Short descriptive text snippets
***

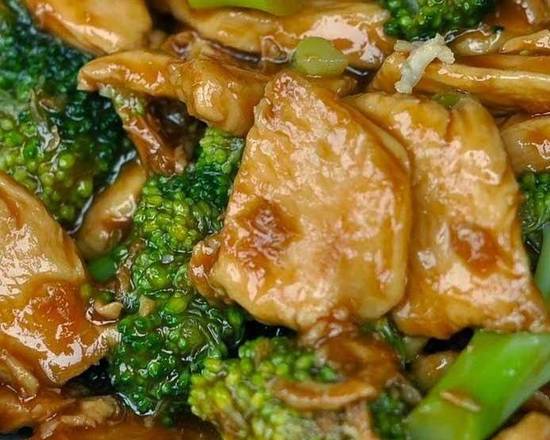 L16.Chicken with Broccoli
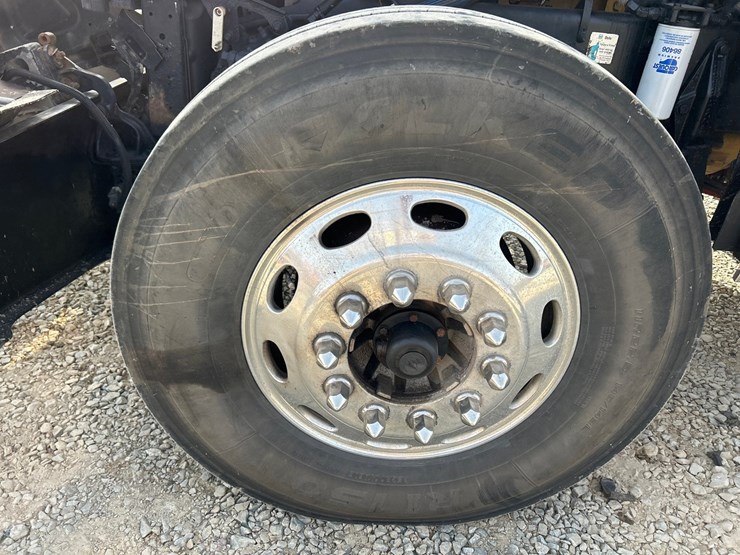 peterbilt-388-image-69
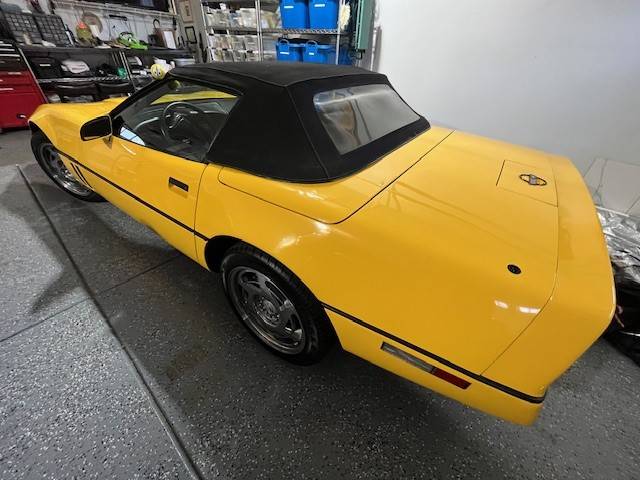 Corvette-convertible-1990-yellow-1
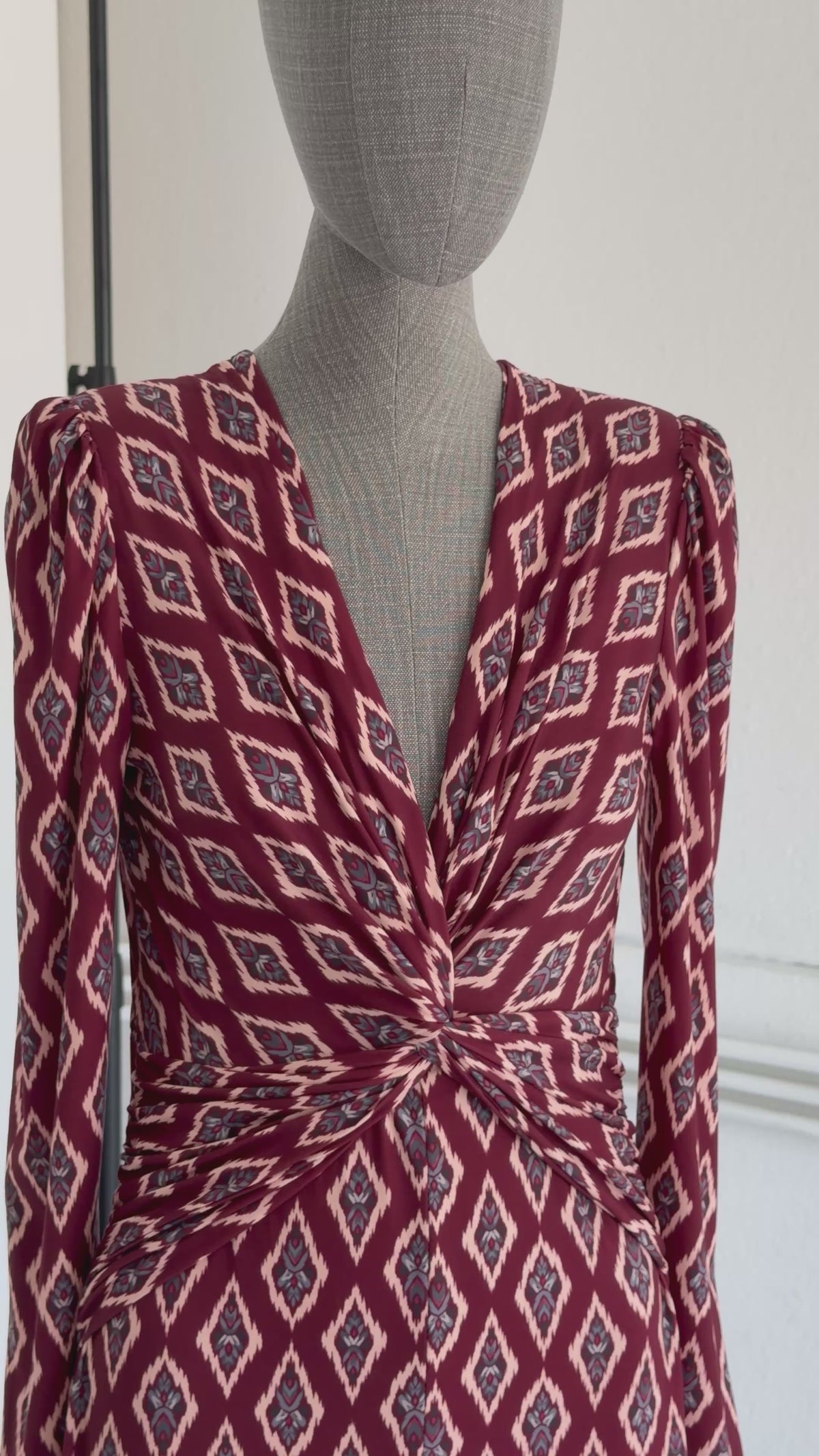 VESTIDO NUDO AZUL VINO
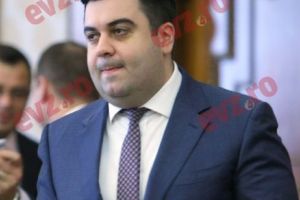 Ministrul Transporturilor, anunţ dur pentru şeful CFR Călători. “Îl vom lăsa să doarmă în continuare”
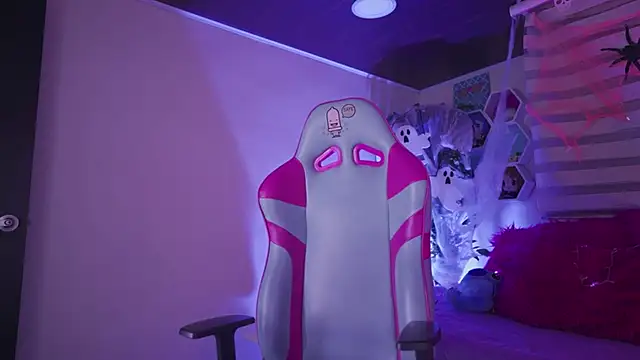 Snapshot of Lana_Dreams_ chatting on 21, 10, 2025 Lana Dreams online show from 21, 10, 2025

***

◆ Task directions
Copy out exactly the lines between the line containing "peterbilt-388-image-69" and the end of the entries, including both, and leave the pictures behind.

◆ Exercise output
 peterbilt-388-image-69
 Corvette-convertible-1990-yellow-1
 VESTIDO NUDO AZUL VINO
 Ministrul Transporturilor, anunţ dur pentru şeful CFR Călători. “Îl vom lăsa să doarmă în continuare”
 Snapshot of Lana_Dreams_ chatting on 21, 10, 2025 Lana Dreams online show from 21, 10, 2025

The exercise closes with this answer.